The soldier who shot him quickly shut the door of the jeep and hightailed it out of the camp, together with his buddies. Mission accomplished.

The bereaved father, Mohammed, asks now with dry eyes why the soldier who killed him did not at least offer his son first aid, or summon help. “If they are human beings, that is what they should have done. Why didn’t they do that?”

We sat this week in front of the Anatis’ ramshackle home, a few meters from the scene of the crime. No other refugee camp is comparable to Al-Fawar, in terms of wretchedness and forlornness. A putrid stench wafts from the bursting garbage bins, which no one empties, and from the sewage that flows unchecked through the alleys. An Israeli who has never been here cannot begin to imagine what it’s like. It’s also a tough place, which the army rarely enters.

But on that fateful Sunday two army jeeps, one of them flying a huge Israeli flag, drove in, escorting a vehicle of Mekorot, the national water company, which had apparently come to check the pipes connecting to the camp’s wells.

Khalil was shot to death at about 9:30 in the morning. His father, a scrap peddler, was still asleep. Only the boy’s uncle, Mahmoud Anati, peering out of his window which overlooks the narrow alley, saw what was going on and spotted the jeep. He rushed to his 80-year-old father, Ahmed Anati, Khalil’s grandfather, who was at that moment on the roof of a house that is being built as part of a special United Nations Refugee Agency project, for the camp’s old people.

Mahmoud told his father to come inside, for fear of the soldiers; from experience he knows that the troops are quick to fire teargas in order to disperse the children.
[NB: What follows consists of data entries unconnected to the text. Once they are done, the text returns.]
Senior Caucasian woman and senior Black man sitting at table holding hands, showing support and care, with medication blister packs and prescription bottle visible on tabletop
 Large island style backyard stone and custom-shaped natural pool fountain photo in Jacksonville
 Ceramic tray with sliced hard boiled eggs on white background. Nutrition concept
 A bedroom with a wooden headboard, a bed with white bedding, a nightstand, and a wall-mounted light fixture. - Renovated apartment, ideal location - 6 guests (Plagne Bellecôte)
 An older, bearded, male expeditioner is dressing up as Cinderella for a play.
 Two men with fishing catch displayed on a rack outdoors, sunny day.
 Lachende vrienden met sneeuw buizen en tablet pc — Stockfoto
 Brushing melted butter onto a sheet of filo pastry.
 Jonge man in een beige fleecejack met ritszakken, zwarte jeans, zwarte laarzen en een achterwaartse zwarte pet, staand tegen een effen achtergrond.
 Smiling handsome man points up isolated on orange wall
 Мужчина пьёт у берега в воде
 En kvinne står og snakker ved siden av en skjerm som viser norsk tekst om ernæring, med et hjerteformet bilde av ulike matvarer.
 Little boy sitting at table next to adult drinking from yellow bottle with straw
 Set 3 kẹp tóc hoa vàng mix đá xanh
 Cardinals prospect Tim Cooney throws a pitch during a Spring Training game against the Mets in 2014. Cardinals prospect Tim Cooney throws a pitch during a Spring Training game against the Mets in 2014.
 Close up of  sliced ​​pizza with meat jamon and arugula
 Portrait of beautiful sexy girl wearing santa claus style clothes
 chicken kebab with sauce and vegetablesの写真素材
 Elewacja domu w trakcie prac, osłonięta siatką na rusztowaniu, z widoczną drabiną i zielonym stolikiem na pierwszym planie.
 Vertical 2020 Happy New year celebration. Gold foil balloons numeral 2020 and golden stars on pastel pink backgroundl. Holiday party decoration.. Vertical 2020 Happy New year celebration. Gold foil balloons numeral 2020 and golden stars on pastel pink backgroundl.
He hustled his aged father into the house, but is today consumed with feelings of guilt for not having done the same for his nephew.

The street, Mahmoud recalls, was quiet. Then he suddenly heard a single shot ring out and his nephew shout. He rushed into the alley. A construction worker at the site of the home for the aged had already picked up the bleeding boy and was running with him toward the main street, in order to flag down a car to take him to the hospital.

At one point, Khalil fell from the worker’s hands. He and Mahmoud picked him up and put him the car of a Bedouin man who was visiting in the camp. They shouted to people to call an ambulance, but knew that would take precious time, so they sped in the private car to Al Ahli Hospital in Hebron.

As the car left the camp, Khalil stopped moving, and by the time they reached the hospital, he was no longer breathing. Mahmoud tried to staunch the bleeding with his hands. The boy’s last words to his uncle were, “Don’t be afraid.”…. ”

http://www.haaretz.com/weekend/twilight-zone/.premium-1.611856

“Don’t be afraid.”

(Not at all unusual for a brave-beyond-their-years critically ill or dying child– trying to soothe the adults.)